The message also reveals the assistant's debugging methodology: when faced with a contradiction between observed behavior and code analysis, it falls back to first-principles simulation. By writing a minimal script that captures the essential calculation, it isolates the problem and creates a foundation for further investigation.
In the next messages (not shown here), the assistant would presumably continue reading the profile_max_num_token function to find the missing piece—perhaps a max(0, rest_memory) clamp, or a different interpretation of the total_gpu_memory parameter. The negative result from this message serves as a forcing function: the assistant cannot proceed with the custom allreduce debugging until it resolves this fundamental misunderstanding of how KV cache memory is calculated.
Conclusion
Message [msg 5160] captures a moment of genuine intellectual humility in the debugging process. The assistant has spent several rounds reading source code, tracing variables, and building a mental model of SGLang's memory management. But when that model predicts a contradiction with observed reality, it doesn't double down or ignore the discrepancy. Instead, it steps back, admits "I'm clearly misreading something," and writes a minimal test to verify its understanding.
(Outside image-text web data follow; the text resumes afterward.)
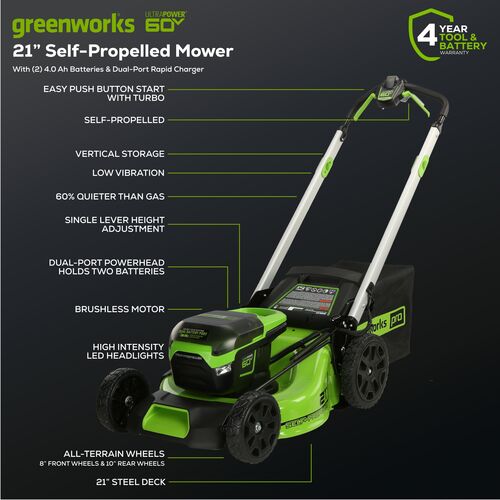 60V 21″ Cordless Battery Self-Propelled Lawn Mower w/ Two (2) 4.0Ah Batteries & Dual Port Charger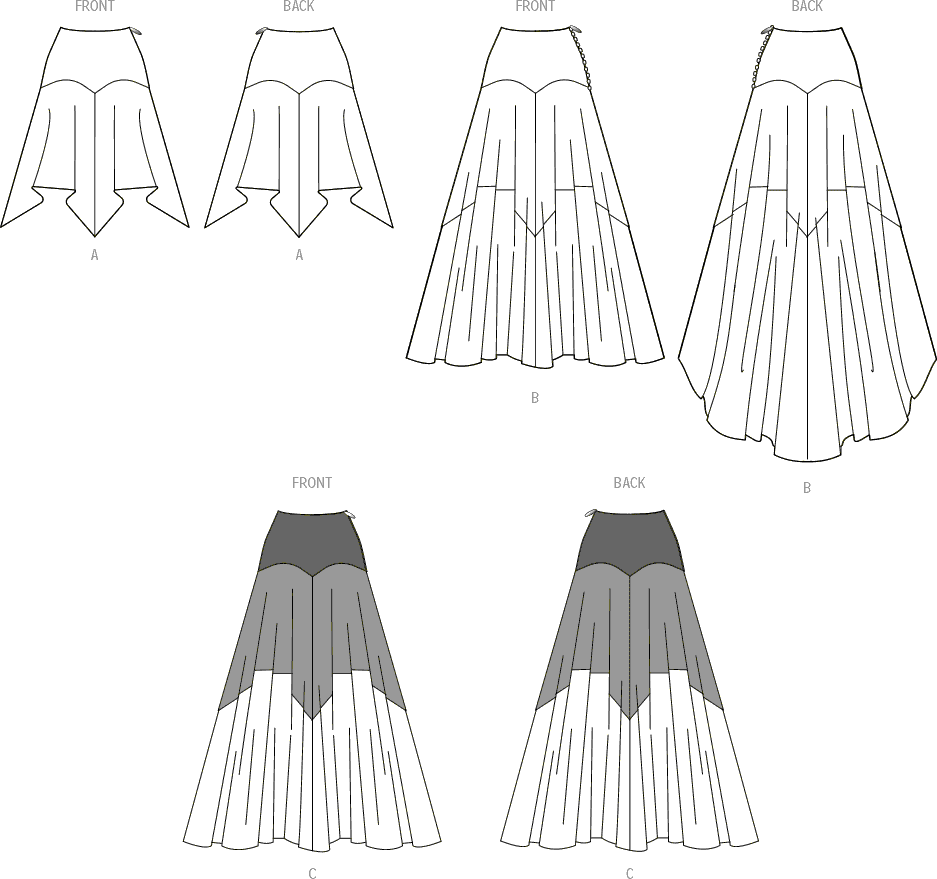 McCall's Pattern M8453 Misses Skirt In Two Lengths 8453 Line Art From Patternsandplains.com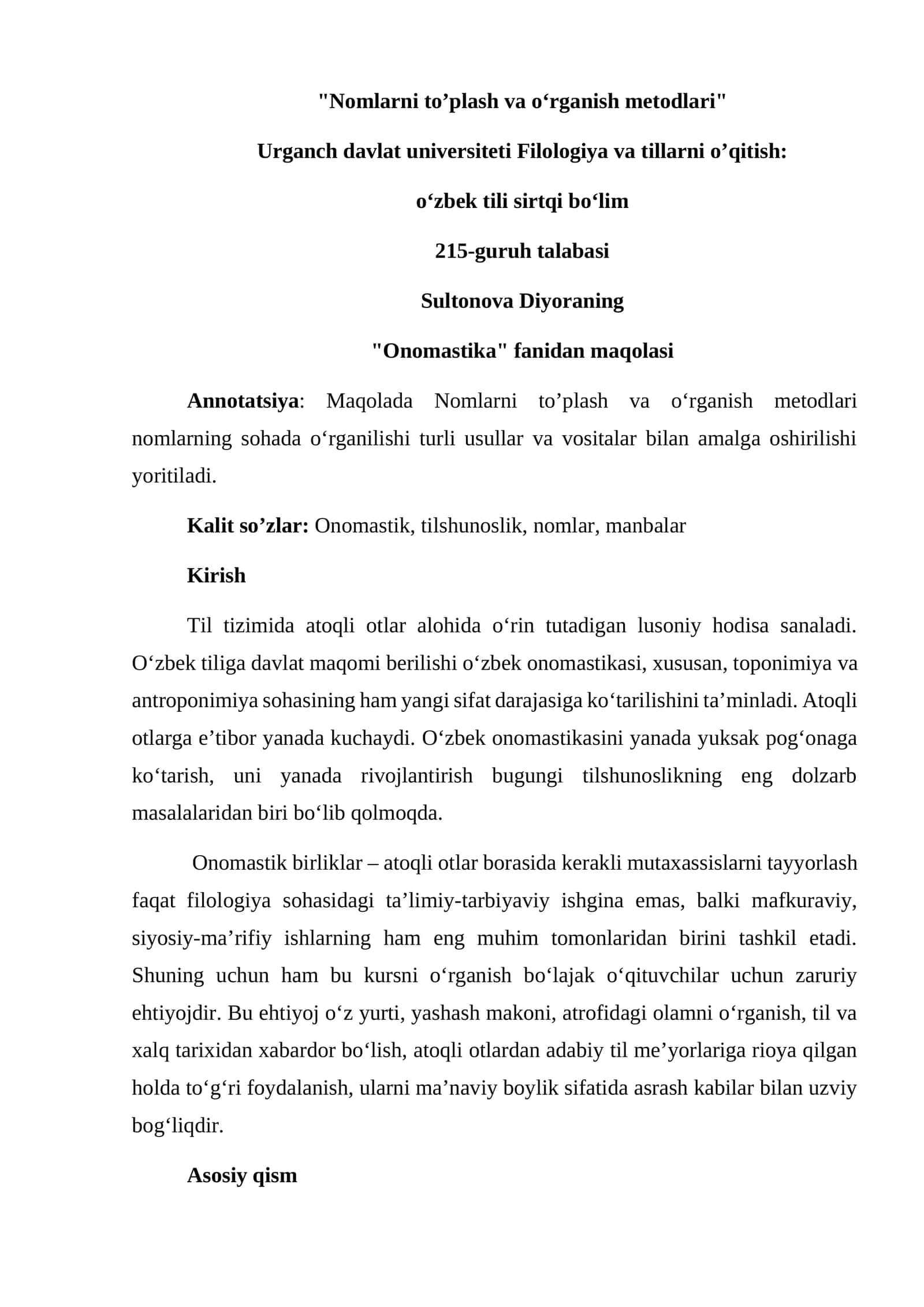 Nomlarni to’plash va o‘rganish metodlari
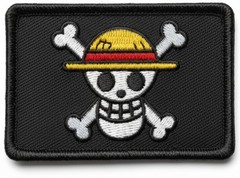 Straw Hat Pirate Flag Embroidered Morale Patch – 2PC Hook Backing 3″X2″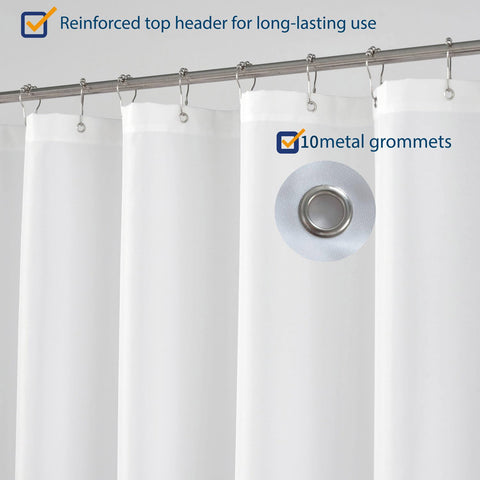 N&Y HOME Extra Long Fabric Shower Curtain, Size 54 x 80 Inch, Hotel Quality, Washable, White Bathroom Curtain with Grommets, 54 x 80 Inches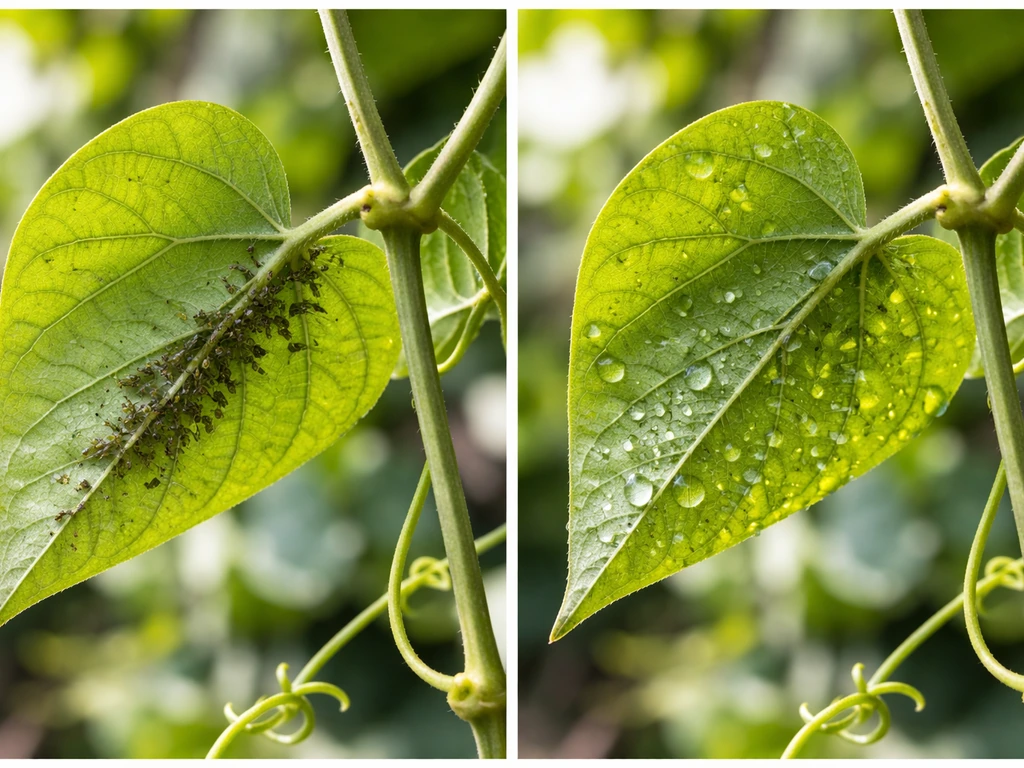 Split view of container climber leaves: aphids on one, aphids rinsed off on the other with water droplets.
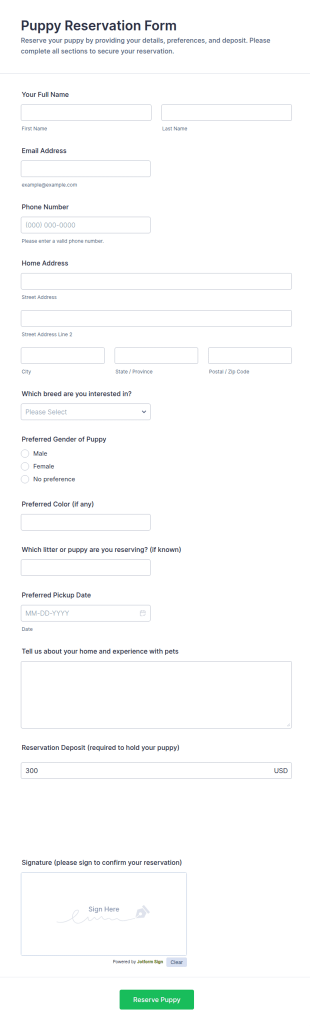 Puppy Reservation Form Template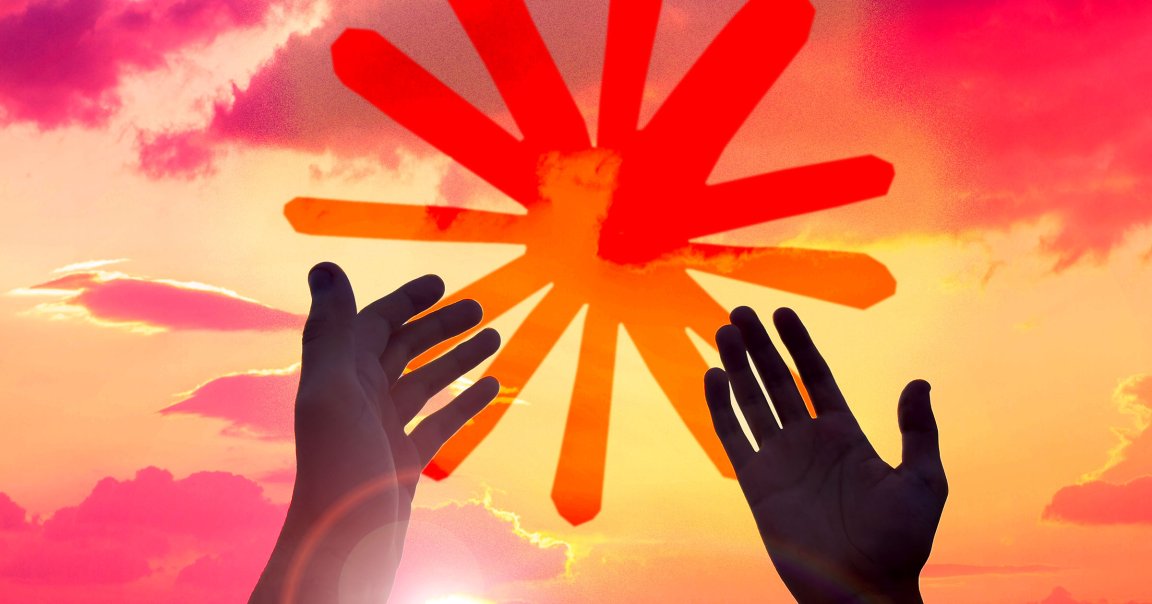 A pair of raised hands and the Anthropic Claude logo in the sky.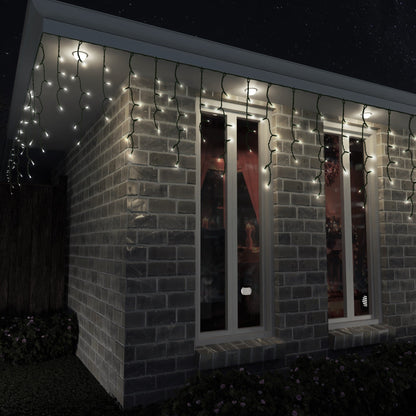Solar 200 LED Icicle Lights - 3.9m x 33cm, available in 3 Colors - Cool White V720-XB4960CW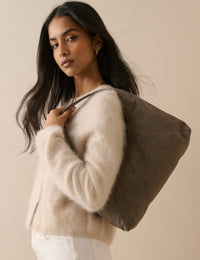Grey Suede Shoulder Bag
This is the essence of good debugging: not assuming you understand the code, but testing your understanding against reality. The negative result from the Python script is valuable not because it solves the problem, but because it confirms that the problem is real—the assistant's mental model is wrong, and further investigation is needed. The message is a pause, a recalibration, and a commitment to getting the fundamentals right before proceeding with optimizations.